Un deuxième combat intervient deux mois plus tard, le 12 avril 1782, au large des côtes de Ceylan ou Suffren est venu se ravitailler après avoir débarqué́ à Porto Novo les troupes destinées à faire leur jonction avec celles d'Haidar Alî. Hughes est désormais presque à parité́ avec son adversaire. Après de longues manœuvres, le combat s’engage en ligne de file. Comme à̀ Sadras, une partie des vaisseaux seulement suivent les ordres de Suffren et la bataille tourne finalement à la confusion générale, alors que beaucoup de vaisseaux sont très endommagés des deux côtés.
Après cinq heures de canonnade acharnée, les deux protagonistes, les voiles en lambeaux, sont contraints de jeter l'ancre alors que se lève un violent orage tropical à la nuit tombante. Suffren tente pendant une semaine de reprendre le combat, mais Hughes se dérobe et le 19 avril, l’escadre française décroche pour aller réparer et se ravitailler à Batticaloa.
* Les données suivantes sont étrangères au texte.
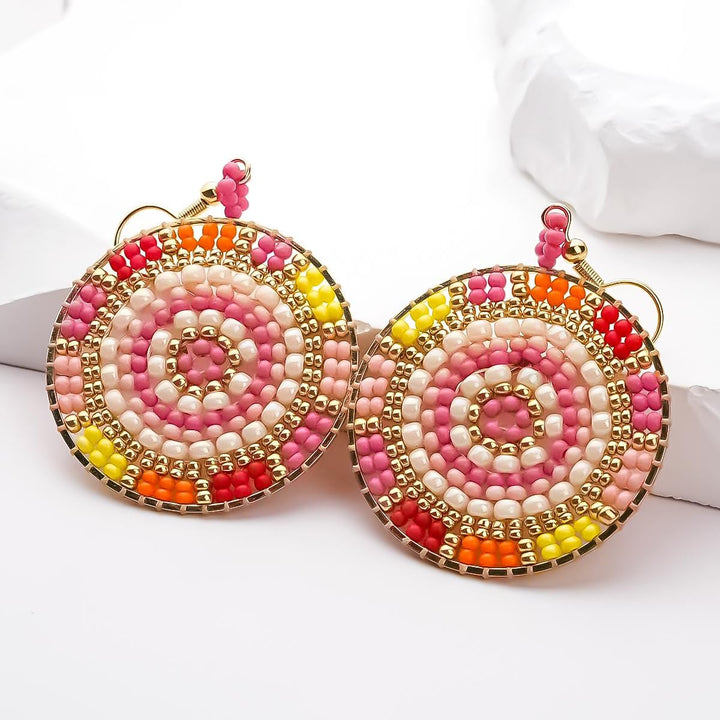 Zaria - Boucles d'oreilles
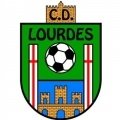 Escudo del CD Lourdes A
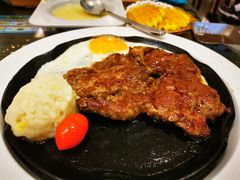 -豪客来牛排(府河店)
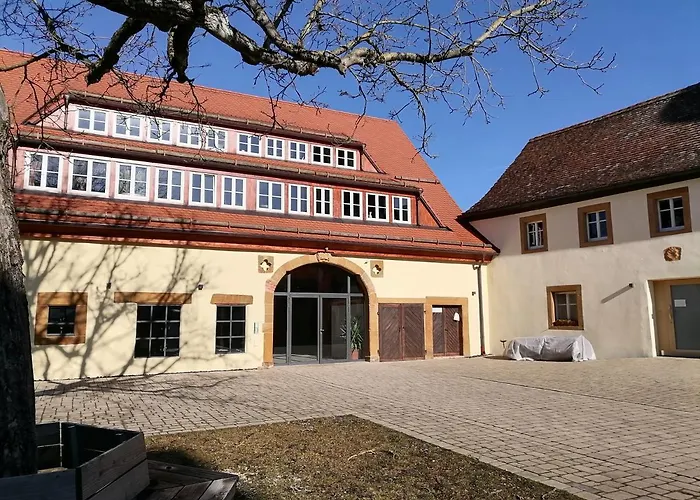 Apartment Am Oberen Tor Lauchheim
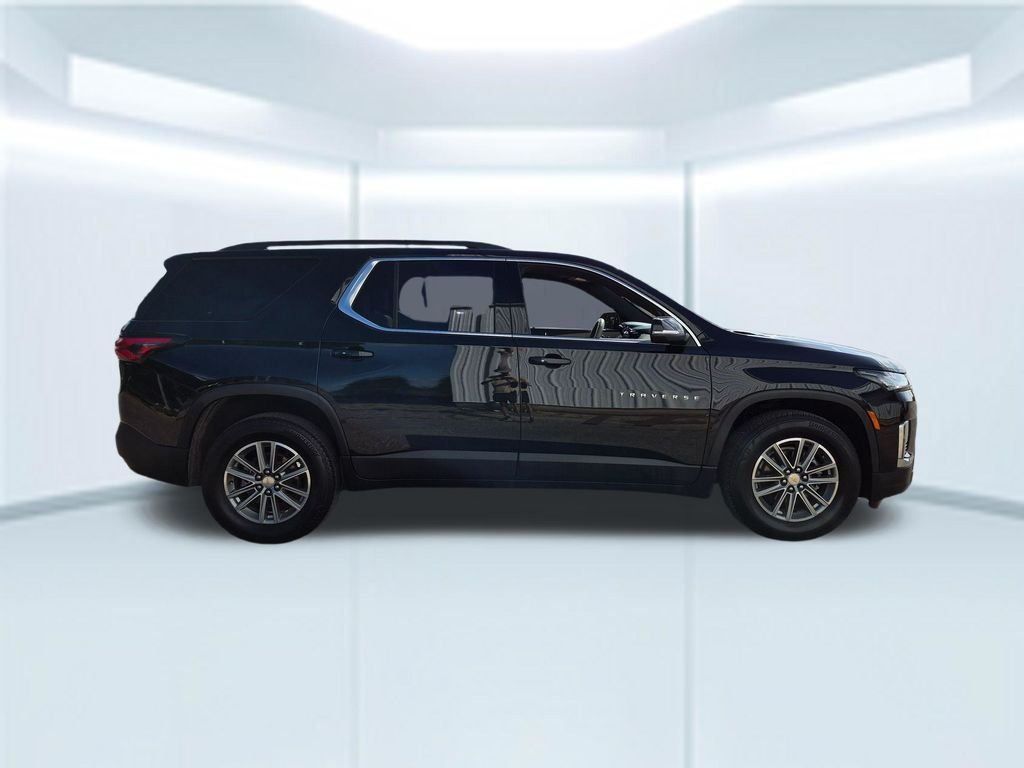 Used 2023 Black Chevrolet LT image 8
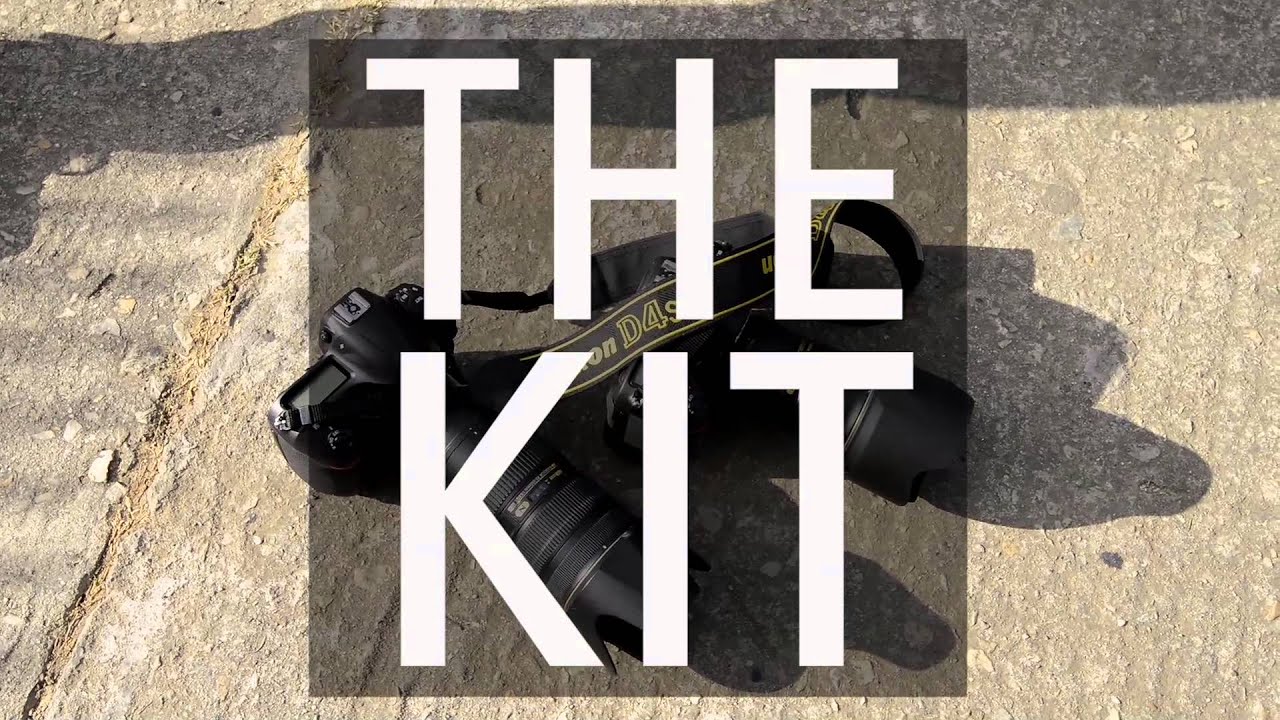 D4S Behind the Scenes: A Journey to Perfection | The New Nikon D4S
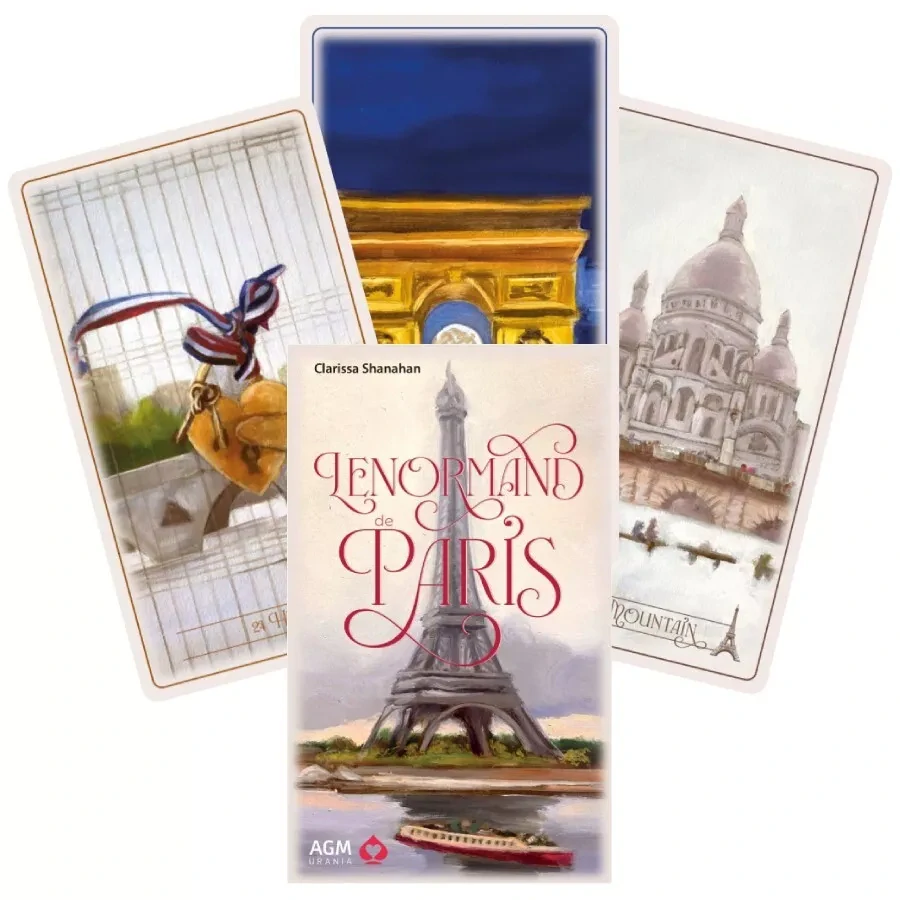 Lenormand de Paris Cards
Le troisième affrontement se passe au large de Négapatam, le 6 juillet 1782, alors que Suffren cherche à reconquérir ce comptoir néerlandais. Le combat tourne à la mêlée générale, cette fois à̀ cause du vent qui tourne brutalement et disperse les navires. Trois vaisseaux anglais et deux vaisseaux français sont gravement touchés. Trois navires français n’ont que peu ou pas participé à l’engagement, ce qui pousse Suffren à démettre de leur commandement leurs trois capitaines et à remplacer un quatrième pour cause de sénilité.
Hughes fait retraite et Suffren reste maitre des eaux entre la côte de Coromandel et Ceylan. Suffren appuie dans un premier temps sa logistique sur les petits ports de la région, Porto Novo et Gondelour sur la côte de Coromandel et Batticaloa sur l’ile de Ceylan. Pour tenir plus longtemps, il lui faut une base bien abritée, équipée et facile à̀ défendre. Il décide pour cela d’attaquer Trinquemalay, sur la côte est de Ceylan. L’opération est menée depuis le mouillage voisin de Batticaloa. Elle est montée avec 2 300 hommes combinant cipayes et troupes de marine. Le 26 août 1782, le débarquement se passe sans encombre et les deux forts qui défendent la rade capitulent rapidement,
Hughes arrive trop tard pour secourir sa base, mais provoque une quatrième bataille navale, car Suffren l’attaque immédiatement pour essayer encore une fois de l’anéantir.